-- Opening Marker --

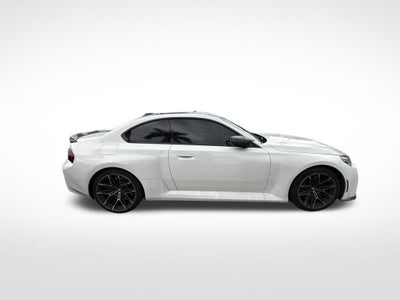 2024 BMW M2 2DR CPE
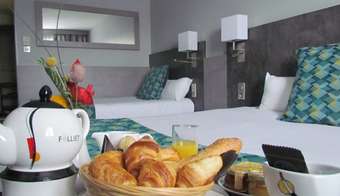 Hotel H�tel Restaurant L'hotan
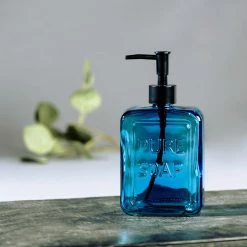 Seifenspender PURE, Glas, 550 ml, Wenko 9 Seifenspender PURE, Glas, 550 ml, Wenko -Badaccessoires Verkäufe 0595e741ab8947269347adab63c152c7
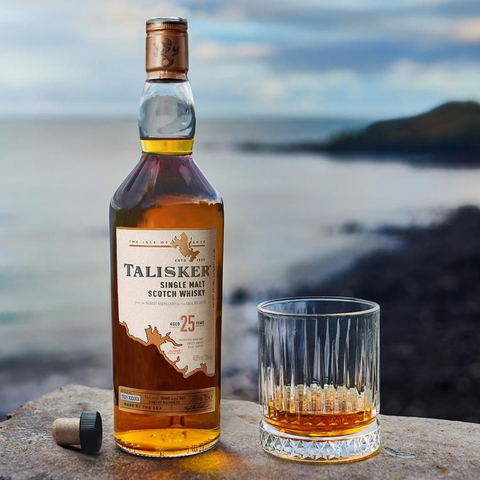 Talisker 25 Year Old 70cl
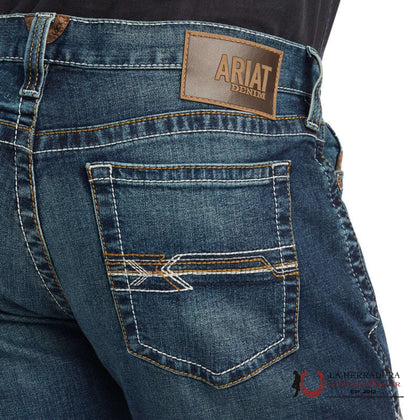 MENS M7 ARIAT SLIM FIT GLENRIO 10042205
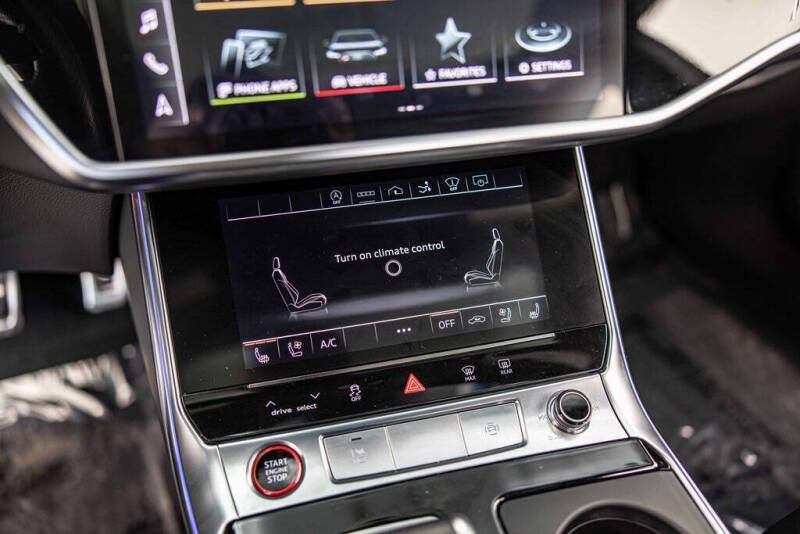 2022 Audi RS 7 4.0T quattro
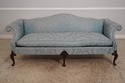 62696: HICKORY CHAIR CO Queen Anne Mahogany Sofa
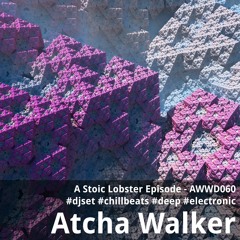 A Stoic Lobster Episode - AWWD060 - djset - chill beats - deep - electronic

-- Closing Marker --

DIRECTIONS: Nothing but the lines from the one that holds "Talisker 25 Year Old 70cl" through the end of the data should appear, written out exactly, without pictures.

RESPONSE AREA:
 Talisker 25 Year Old 70cl
 MENS M7 ARIAT SLIM FIT GLENRIO 10042205
 2022 Audi RS 7 4.0T quattro
 62696: HICKORY CHAIR CO Queen Anne Mahogany Sofa
 A Stoic Lobster Episode - AWWD060 - djset - chill beats - deep - electronic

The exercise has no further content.